Other cell-surface receptors can serve as potential activators of NFkB including opioid receptors and the neurokinin-1 receptor (NK1R; Lieb et al., 1997; Wang et al., 2004; Sun et al., 2008; Sawaya et al., 2009; Xu et al., 2011). Opioid receptors are G protein-coupled receptors that are linked to inhibitory G-proteins (Gi). Chemokine activation of receptors coupled to the inhibitory Gi subunit has been found to activate NFkB through phosphorylation of protein kinase B (Akt) (Chandrasekar et al., 2003). Akt is known to mediate IKK phosphorylation and subsequent disinhibition of the p50/p65 dimer (Bai et al., 2009), evidence that may link the Gi-coupled opioid receptors to this pathway. The NK1R is coupled to stimulatory Gq subunits that activate protein kinase C (PKC). In vitro, PKC induces NFkB activation and translocation to the nucleus, potentially linking activation of these receptors to the NFkB pathway (Shirakawa and Mizel, 1989).

NFkB AND INFLAMMATION IN ALCOHOL ABUSE

Much research has focused on the role of NFkB in alcohol-induced neurotoxicity and inflammation.
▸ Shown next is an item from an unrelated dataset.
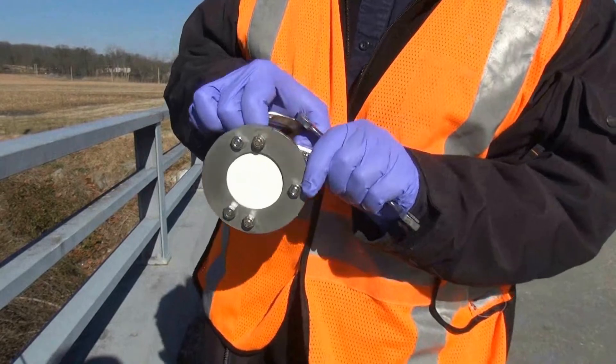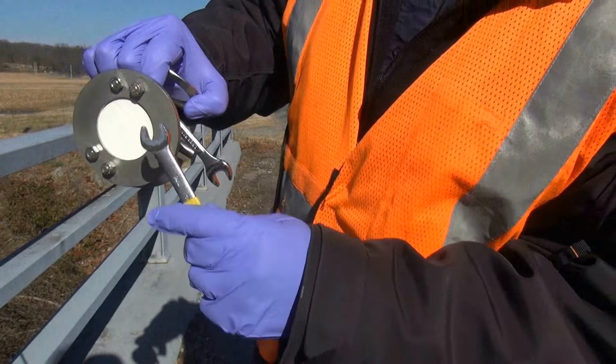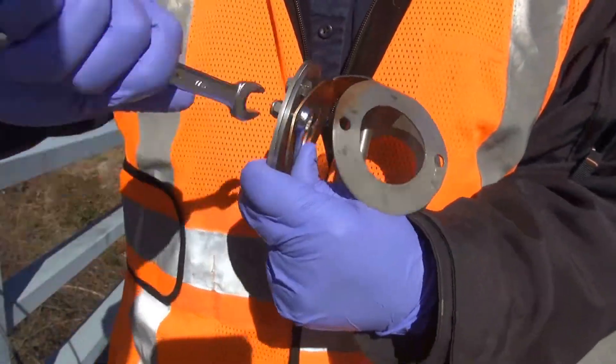Only handle the sampler by the metal ring, and take care using tools near the sampler that you don't puncture the membrane. Finding the right way to hold the wrenches may take some practice.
This is reviewed elsewhere and will be briefly discussed in this space. For example, high concentrations of alcohol increase NFkB activity in human astroglial cultures (Davis and Syapin, 2004) and rat brain hippocampal slices (Zou and Crews, 2010). Furthermore, chronic binge alcohol exposure increases cytokine expression and enhances the immune response to lipopolysaccharide (LPS) injection in rodents (Qin et al., 2008). There is evidence to suggest that ethanol-induced NFkB activation mediates neurotoxicity that is caused by in vivo binge models (Crews et al., 2006). However, little is known about the effect of lower, non-neurotoxic doses of alcohol on NFkB function. TLR4 is also known to play a critical role in the neuroimmune response and consequent NFkB activation induced by ethanol. TLR4s have been shown to directly influence alcohol-induced inflammation, neurotoxicity and some behavioral effects (Alfonso-Loeches et al., 2010; Pascual et al., 2011; Wu et al., 2012). This signaling pathway plays a critical role in the production of cytokines and pro-inflammatory mediators induced by ethanol, as evidenced in binge-exposed adolescent mice (Montesinos et al., 2015).
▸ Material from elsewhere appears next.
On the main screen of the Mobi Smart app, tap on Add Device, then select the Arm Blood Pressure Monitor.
There are some interesting findings on sex differences of NFkB activity, with most focusing on hepatic activity. In one study, ovariectomized female rats receiving constant estrogen administration had decreased hepatic IKB mRNA expression and increased NFkB activity following alcohol consumption compared with controls and rats receiving testosterone (Lee et al., 2012). In another study, chronic ethanol administration was found to increase hepatic levels of NFkB in female rats to a greater extent than males, a finding that may explain why alcohol-induced liver injuries are more prevalent in the females (Kono et al., 2000). These differences may be due to a sexually dimorphic NFkB signaling response found by Wilhelm and colleagues during peak ethanol withdrawal (Wilhelm et al., 2014).
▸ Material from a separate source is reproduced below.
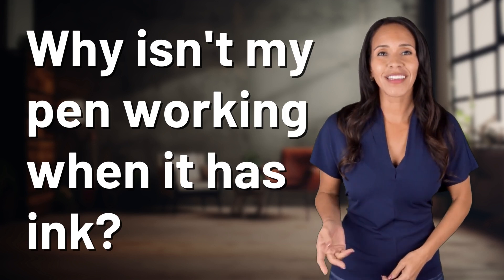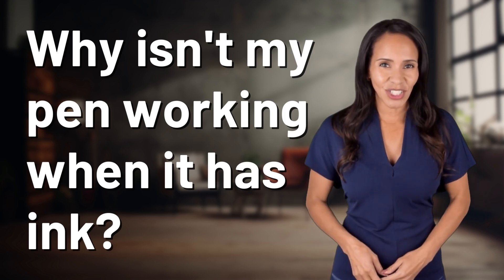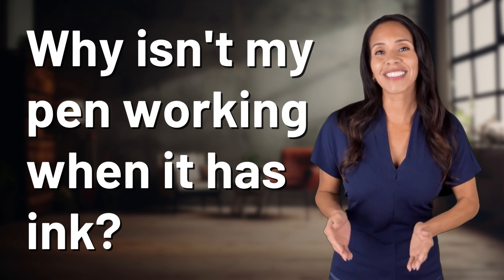Ready to explore and reveal? Dive into today's question and uncover the answers together.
In addition to these preclinical findings, NFkB dysfunction has been observed in postmortem samples from chronic alcoholics (Okvist et al., 2007). Moreover, polymorphisms in the NFkB1 gene associate with increased risk of alcoholism (Edenberg et al., 2008). It is unclear if alterations in NFkB activity and related signaling cascades are induced by genetic factors that predispose individuals to alcohol abuse, if chronic alcohol exposure impacts NFkB functioning, or both. These relationships should be examined in future studies and will provide valuable mechanistic insight for therapeutic development.

The prevailing wisdom suggests that NFkB contributes to alcohol seeking via the stimulation of inflammatory mediator gene expression. While it seems likely that inflammatory cytokines contribute in some capacity to the induction of compulsive alcohol consumption, it should not be overlooked that NFkB has many targets beyond these, such as opioid receptors, glutamate receptors, and neuropeptides, which can mediate alcohol seeking. LPS is often used as a stimulus to induce NFkB activity, and this treatment can increase alcohol consumption. Specifically, a single LPS injection induces a long lasting increase in alcohol intake in the two bottle choice paradigm (Blednov et al., 2011). While LPS treatment is known to both increase cytokine production and result in increased alcohol consumption, it has not been definitively demonstrated that LPS-induced escalations in alcohol intake are specifically mediated by cytokines themselves.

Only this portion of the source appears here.